Turist Rehberleri Derneği'nin birinci görevinin üyelerine iş bulmak olması gerekirken, göreve geldikleri 2005 yılından beri işi gücü bir yana bırakıp, kültür mirasımıza, doğal kaynaklarımıza ve insan kaynaklarımıza kasteden girişimlerle mücadeleyi adeta aslî görev edindiklerini kaydeden Karapınar "Zira, gün geçmiyor ki bizlerin ekmek kapımız olan kültürel ve meslekî coğrafyamızda kültür, doğa ve insan kaynaklarına yönelik yeni bir tehdit ortaya çıkmasın.
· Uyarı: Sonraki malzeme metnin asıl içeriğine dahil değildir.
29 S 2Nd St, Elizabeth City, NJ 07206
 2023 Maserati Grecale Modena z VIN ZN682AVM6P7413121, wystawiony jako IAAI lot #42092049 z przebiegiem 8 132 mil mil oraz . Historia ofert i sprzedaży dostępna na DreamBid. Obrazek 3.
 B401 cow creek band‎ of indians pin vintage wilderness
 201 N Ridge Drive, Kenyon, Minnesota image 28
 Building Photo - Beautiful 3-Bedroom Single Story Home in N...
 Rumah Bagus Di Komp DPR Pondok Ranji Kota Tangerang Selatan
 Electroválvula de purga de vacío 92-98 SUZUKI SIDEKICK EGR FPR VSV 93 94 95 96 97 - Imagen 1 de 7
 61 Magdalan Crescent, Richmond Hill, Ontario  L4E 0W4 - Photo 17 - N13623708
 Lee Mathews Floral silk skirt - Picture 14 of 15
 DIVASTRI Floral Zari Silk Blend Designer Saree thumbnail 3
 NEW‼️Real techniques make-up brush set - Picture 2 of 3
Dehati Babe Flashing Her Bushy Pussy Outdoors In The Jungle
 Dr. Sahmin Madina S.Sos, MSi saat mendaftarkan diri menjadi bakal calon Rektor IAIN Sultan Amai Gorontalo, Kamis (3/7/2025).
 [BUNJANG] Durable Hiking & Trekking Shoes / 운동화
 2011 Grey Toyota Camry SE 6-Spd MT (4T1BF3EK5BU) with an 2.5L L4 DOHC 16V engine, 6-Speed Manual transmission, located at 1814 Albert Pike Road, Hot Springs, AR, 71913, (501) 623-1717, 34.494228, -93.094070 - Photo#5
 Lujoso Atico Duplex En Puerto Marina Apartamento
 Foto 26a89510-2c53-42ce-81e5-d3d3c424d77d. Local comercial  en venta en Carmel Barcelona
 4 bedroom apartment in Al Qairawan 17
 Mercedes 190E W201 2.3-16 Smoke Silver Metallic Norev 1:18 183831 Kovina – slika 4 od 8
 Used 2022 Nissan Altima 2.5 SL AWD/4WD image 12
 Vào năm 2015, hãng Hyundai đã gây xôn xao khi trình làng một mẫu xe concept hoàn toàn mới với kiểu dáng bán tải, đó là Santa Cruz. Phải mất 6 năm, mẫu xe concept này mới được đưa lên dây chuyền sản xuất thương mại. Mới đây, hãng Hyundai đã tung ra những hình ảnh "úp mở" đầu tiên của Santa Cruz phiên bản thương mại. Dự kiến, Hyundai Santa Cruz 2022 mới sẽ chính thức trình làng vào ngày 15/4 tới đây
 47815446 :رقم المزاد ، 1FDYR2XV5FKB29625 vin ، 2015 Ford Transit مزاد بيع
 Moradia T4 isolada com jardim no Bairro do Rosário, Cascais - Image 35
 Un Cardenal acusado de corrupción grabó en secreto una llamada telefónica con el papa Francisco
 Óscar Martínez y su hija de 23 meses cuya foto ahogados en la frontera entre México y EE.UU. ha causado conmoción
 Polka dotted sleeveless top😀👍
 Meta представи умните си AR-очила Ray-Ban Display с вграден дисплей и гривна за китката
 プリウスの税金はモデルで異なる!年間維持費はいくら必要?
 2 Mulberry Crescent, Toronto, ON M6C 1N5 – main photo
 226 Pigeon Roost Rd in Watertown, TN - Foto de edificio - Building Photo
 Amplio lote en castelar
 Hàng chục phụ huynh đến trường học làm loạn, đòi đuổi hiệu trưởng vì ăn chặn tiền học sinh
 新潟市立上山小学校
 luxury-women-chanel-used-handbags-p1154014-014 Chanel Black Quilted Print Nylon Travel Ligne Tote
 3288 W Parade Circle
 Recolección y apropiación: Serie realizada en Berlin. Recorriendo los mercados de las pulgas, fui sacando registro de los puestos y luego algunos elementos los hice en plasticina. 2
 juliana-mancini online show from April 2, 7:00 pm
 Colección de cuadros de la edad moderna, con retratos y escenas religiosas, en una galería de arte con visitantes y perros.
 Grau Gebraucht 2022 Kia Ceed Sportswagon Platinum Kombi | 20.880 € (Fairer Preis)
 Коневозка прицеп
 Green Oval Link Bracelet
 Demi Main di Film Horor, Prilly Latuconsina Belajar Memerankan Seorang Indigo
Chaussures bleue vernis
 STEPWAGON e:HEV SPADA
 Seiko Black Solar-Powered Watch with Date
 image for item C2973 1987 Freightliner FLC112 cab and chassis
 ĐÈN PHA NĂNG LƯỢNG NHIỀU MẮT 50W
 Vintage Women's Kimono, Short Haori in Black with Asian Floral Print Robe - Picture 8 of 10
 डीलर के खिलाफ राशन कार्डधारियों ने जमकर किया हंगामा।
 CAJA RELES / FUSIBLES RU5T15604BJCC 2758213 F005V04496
Torbalı'da Metropolis antik kenti eteklerinde
organize sanayi bölgesi kurulmak istenmesi, Yatağan'da, Lagina Hekate Kutsal Alanı yakınında, sanki birincisi yeterince ölüm kusmamış gibi, ikinci bir termik santral inşa edilmek istenmesi, Kaz Dağları'nda yürütülen altın arama sondajları, Pamukkale Hierapolis antik kentinde Turizm Danışma Bürosunun boşaltılarak yerine "yiyecek içecek tesisi" yapılmak istenmesi, millî parklarda "Alan Kılavuzluğu" adı altında, turist rehberliği mesleği ile bağdaşmayan bir uygulamanın hayata geçirilmesi gibi, cennet
vatanımızı ve hayatımızı cehenneme çevirmeye yönelik, girişimlerin karşısında olmak dün ve bugün olduğu gibi yarın da birinci görevimiz olacak" diye konuştu.